What the task requires » Transcribe the listing underneath, keeping each word exact and omitting the images.

Data »

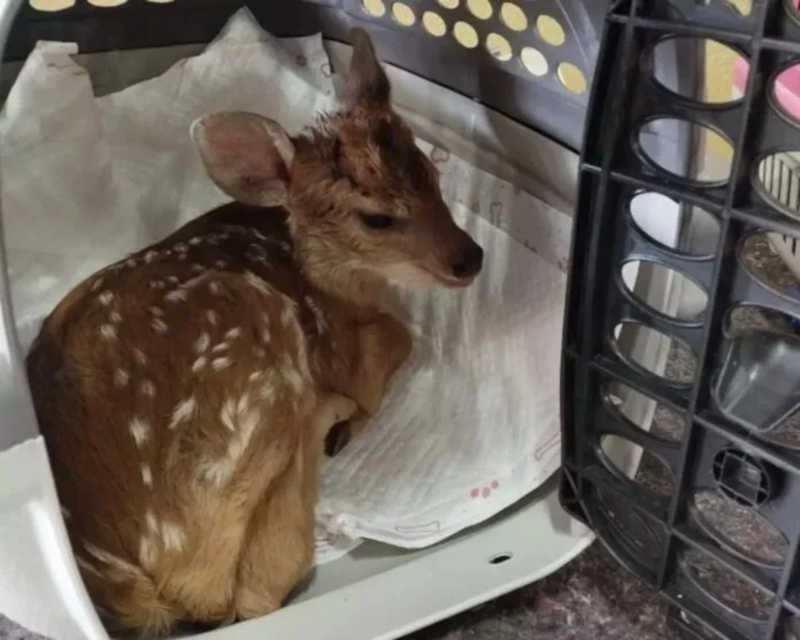 Cervo é resgatado após mãe ser morta por caçadores no PR; veja o vídeo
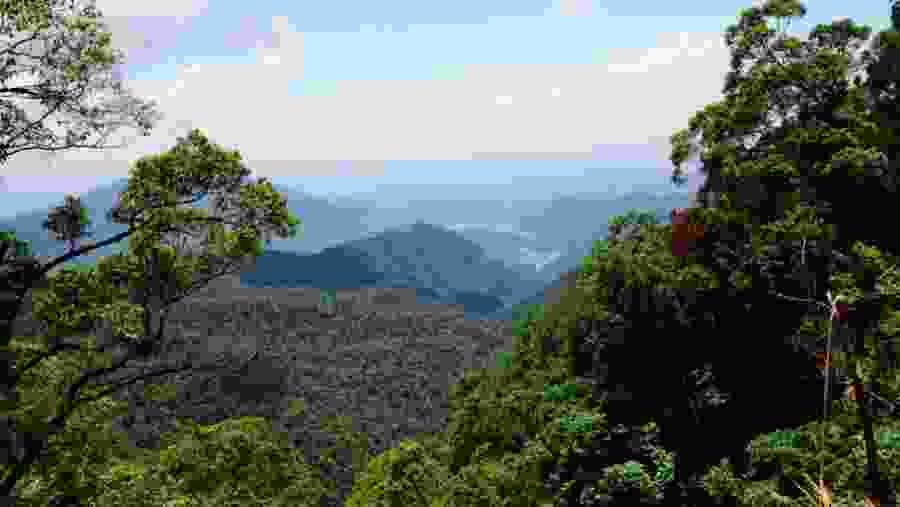 Bach Ma National Park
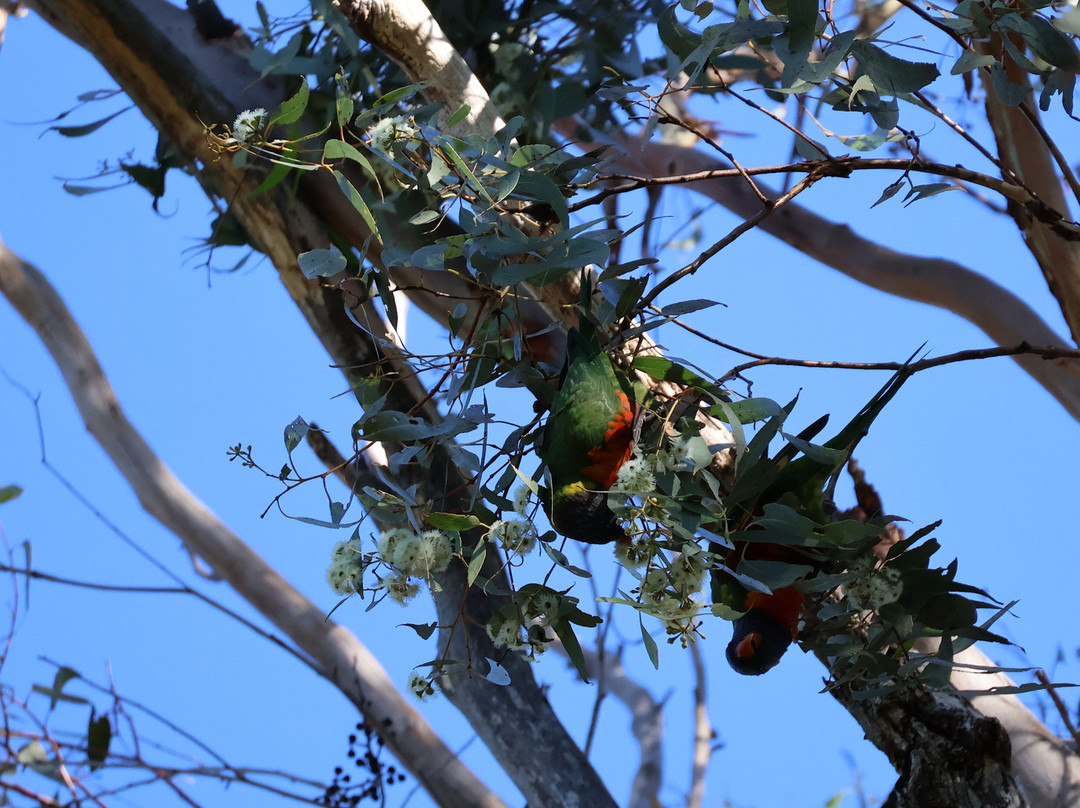 Girraween Country Inn主图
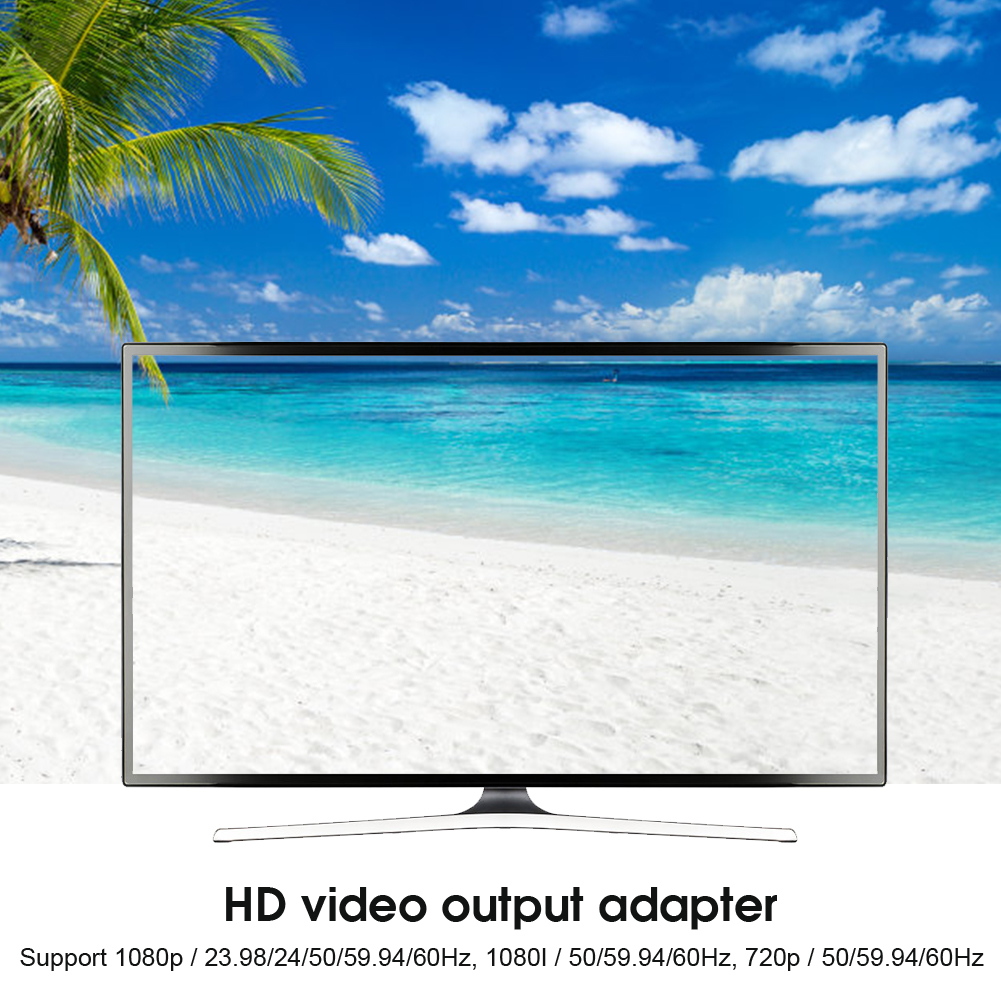 Ein Fernseher zeigt eine Strandszene mit weißem Sand, türkisfarbenem Wasser und blauem Himmel mit Wolken. Palmenblätter sind links.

Your solution »
 Cervo é resgatado após mãe ser morta por caçadores no PR; veja o vídeo
 Bach Ma National Park
 Girraween Country Inn主图
 Ein Fernseher zeigt eine Strandszene mit weißem Sand, türkisfarbenem Wasser und blauem Himmel mit Wolken. Palmenblätter sind links.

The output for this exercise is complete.